7 décembre 2016

Ca bouge un peu sur les volcans Cayambe et Nyamulagira

Cayambe, Equateur, 5790 m

Depuis le mois de juin les volcanologues de l'Institut de Géophysique d'Equateur enregistrent sur cet édifice, le troisième plus proche de l'Equateur (après Wolf et Ecuador aux Galapagos), des modifications importantes et très surveillées de sa sismicité.

Tout commence le 05 juin par une hausse progressive de la sismicité formant ce que l'on appelle un essaim qui va durer tout le mois et compte quelques 2300 secousses. Elles sont essentiellement d'origine "volcano-tectoniques" (VT), c'est-à-dire dues à la fracturation des roches sous l'effet d'une contrainte mécanique ( due à une pression par exemple). L'essaim en question est évidemment suivi de près mais il se localise au nord-est du volcan. Puis le calme revient....jusqu'en septembre.

L'essaim de séismes du mois de juin. Image: IGEPN
De nouveau des secousses font alors leur apparition sur les sismomètres et, là encore, elles sont essentiellement VT. Mais cette fois elles se produisent sous le stratovolcan et elles ne forment pas un mais une succession d'essaims, qui se poursuivent actuellement. D'autres secousses montrent par ailleurs une tendance à la hausse, même si elle est légère: les secousses dites 'longue période' (LP), qui sont dues à la circulation de fluides.

Localisation des secousses en juin (turquoise) et depuis septembre (jaune). Image: IGEPN
En plus de ces données purement géophysiques, plusieurs témoignages de personnes ayant fait l'ascension concordent sur un point: une odeur de soufre assez forte règne au sommet, ce qui a même provoqué des maux de tête et des vomissements chez certains. Il semble donc qu'une partie des fluides qui circulent dans les conduits trouvent déjà une voie de sortie. En conséquence les volcanologues ont installé un DOAS, appareil en charge d'estimer la concentration en dioxyde de Soufre et son évolution. 
En conséquence des l'ensemble de ces données, les volcanologues ne peuvent pas écarter l'hypothèse d'une intrusion magmatique de faible volume, qui pourrait perturber le système hydrothermal du volcan. Pour la suite, soit cette intrusion aboutit à une éruption (et les volcanologues s'attendent pour le moment plutôt à une activité faible à modérée type Cotopaxi 2015 si l'activité interne reste similaire à celle en cours) soit la situation se calme progressivement. 

Le volcan Cayambe et son imposante masse. Image: auteur inconnu, via El comercio
Cette dernière n'est donc pas du tout critique mais parait assez sérieuse pour justifier une surveillance accrue.

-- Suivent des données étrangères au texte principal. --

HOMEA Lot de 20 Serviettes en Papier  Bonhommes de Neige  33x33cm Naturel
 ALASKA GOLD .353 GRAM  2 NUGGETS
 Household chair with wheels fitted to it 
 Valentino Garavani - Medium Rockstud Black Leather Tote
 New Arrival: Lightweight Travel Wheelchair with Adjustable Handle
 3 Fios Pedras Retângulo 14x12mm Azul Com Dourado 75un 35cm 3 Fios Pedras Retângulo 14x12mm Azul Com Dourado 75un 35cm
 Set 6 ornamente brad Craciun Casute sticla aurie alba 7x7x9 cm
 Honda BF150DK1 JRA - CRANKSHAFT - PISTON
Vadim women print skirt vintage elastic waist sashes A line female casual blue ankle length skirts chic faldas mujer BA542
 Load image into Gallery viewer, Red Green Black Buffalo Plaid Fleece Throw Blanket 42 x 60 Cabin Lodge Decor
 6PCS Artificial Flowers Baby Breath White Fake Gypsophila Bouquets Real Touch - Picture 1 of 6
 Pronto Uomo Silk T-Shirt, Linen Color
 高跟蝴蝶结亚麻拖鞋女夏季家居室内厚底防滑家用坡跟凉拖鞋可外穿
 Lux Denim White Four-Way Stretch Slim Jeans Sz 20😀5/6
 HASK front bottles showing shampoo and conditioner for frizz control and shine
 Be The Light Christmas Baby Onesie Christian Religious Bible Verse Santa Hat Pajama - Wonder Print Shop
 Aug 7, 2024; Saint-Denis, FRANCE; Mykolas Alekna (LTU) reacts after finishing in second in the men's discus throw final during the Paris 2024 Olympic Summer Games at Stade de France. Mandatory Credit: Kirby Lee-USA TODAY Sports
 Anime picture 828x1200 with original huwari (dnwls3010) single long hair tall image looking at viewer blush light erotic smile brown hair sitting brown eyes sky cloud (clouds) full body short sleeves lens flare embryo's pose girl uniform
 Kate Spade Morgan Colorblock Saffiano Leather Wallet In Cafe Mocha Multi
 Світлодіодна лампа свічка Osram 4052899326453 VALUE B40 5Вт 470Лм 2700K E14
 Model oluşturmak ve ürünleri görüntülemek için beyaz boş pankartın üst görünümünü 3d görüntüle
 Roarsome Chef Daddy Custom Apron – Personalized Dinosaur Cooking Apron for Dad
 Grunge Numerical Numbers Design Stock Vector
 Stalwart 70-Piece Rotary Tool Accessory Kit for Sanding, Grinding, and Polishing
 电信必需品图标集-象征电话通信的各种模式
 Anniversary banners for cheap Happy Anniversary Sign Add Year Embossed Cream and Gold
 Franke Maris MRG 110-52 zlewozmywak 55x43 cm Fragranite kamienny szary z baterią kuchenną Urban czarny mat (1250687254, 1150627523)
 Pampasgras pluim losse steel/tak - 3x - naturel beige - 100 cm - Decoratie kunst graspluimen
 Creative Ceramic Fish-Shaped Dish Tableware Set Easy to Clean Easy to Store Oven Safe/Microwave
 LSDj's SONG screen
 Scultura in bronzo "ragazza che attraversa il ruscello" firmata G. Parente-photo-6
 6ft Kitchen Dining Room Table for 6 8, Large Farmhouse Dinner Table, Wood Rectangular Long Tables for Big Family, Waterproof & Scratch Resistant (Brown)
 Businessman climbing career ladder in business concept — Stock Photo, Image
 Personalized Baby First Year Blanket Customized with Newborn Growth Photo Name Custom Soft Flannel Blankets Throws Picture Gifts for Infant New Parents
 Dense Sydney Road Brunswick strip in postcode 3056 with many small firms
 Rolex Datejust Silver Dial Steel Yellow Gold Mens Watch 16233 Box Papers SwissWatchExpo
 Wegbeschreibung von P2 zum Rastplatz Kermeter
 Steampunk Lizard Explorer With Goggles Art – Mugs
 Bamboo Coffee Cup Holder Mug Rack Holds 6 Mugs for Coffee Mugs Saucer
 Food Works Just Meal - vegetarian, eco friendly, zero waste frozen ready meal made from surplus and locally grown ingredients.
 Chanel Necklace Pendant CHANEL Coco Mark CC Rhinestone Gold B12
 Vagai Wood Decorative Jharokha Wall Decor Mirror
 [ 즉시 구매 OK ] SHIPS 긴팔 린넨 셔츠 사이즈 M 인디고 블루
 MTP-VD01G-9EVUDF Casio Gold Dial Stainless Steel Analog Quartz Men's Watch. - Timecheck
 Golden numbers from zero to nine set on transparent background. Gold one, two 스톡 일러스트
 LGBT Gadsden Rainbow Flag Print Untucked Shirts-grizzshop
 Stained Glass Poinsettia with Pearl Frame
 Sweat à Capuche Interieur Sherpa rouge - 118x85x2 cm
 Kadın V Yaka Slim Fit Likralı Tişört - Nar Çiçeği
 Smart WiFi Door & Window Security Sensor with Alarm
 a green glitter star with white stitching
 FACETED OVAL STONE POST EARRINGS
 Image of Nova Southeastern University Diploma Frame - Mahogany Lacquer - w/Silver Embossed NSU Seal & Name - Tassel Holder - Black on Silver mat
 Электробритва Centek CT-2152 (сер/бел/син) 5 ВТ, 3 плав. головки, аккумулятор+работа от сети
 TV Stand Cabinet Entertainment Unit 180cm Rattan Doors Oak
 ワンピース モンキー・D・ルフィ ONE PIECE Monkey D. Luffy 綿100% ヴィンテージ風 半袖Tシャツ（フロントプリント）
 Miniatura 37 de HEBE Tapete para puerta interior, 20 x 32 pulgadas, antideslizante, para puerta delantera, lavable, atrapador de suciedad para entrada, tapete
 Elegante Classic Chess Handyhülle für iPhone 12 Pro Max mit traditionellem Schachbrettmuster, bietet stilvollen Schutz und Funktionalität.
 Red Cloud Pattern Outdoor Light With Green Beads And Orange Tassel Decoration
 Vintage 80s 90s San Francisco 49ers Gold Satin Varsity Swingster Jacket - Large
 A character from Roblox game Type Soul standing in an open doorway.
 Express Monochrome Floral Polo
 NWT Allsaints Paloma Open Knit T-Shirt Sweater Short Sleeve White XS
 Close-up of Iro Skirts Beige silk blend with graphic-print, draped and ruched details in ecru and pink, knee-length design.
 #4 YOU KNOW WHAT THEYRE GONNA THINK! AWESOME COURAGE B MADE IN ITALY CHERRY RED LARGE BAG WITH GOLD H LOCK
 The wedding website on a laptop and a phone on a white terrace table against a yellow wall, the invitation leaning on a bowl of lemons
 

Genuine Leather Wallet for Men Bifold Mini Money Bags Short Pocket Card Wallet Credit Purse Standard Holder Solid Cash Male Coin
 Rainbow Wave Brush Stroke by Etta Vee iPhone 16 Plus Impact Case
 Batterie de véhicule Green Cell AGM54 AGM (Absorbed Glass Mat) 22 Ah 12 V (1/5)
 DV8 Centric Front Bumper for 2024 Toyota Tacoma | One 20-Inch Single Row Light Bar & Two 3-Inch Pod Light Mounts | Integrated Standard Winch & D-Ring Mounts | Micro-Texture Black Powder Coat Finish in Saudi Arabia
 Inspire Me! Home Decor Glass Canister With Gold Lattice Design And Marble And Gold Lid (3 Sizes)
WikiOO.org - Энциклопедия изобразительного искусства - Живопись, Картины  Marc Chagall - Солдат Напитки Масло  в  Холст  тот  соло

La dernière éruption, modérée, remonte à la fin du 18ème siècle (1785-1786) mais son histoire éruptive  récente (dernières 5000 années) a permis de mettre en évidence des dépôts laissés par des éruptions plus violentes, avec formation de dômes, leurs effondrements et les écoulements pyroclastiques associés. Par ailleurs la présence d'une calotte de neige au sommet s'accompagne du risque de mise en place de lahars (coulées de boue) importants.

Source: IGEPN; El Comercio

Nyamulagira, République Démocratique du Congo, 3058 m

Après la disparition du lac de lave courant avril de cette année, et une réapparition courant juin à priori, il avait de nouveau disparu. Mais il n'est pas impossible qu'une activité soit de retour depuis fin novembre. Pour le moment rien n'est sûr et il s'agit plus de soupçons, mais le MODVOLC et le MIROVA ont détectés des signaux thermiques un peu plus nombreux et intenses qu'au cours des semaines précédentes sur ce volcan.

Signaux thermiques sur le Nyamulagira, le 27 novembre 2016. Image: MODVOLC

En rouge, les signaux thermiques repérés ces derniers jours sur le Nyamulagira (notez l'énorme source thermique en bas à droite: c'est le lac de lave du Nyiragongo). Image: MIROVA

Une image haute résolution, par temps dégagé, réalisée le 29 novembre à partir des données du satellite SENTINEL 2, intégrant les données thermiques ne montrait pourtant pas d'anomalie au niveau du pit crater où se trouvait le lac jusqu'en avril. Cependant cela n'implique pas de facto l'absence d'une activité car la détection depuis l’espace de ces rayonnements est aussi dépendante de la configuration du cratère. Plus il est profond et étroit et plus le rayonnement qui s'échappe est faible. Or c'est justement le cas du pit crater actif du Nyamulagira.

Image haute résolution prise le 29 novembre 2016. Image: Sentinel 2/ESA-Copernicus.

Pour l'heure il n'y a donc pas de confirmation de la présence d'une activité éruptive sur ce volcan, mais à minima la présence de ces quelques signaux indique qu'il vaut mieux rester branchés.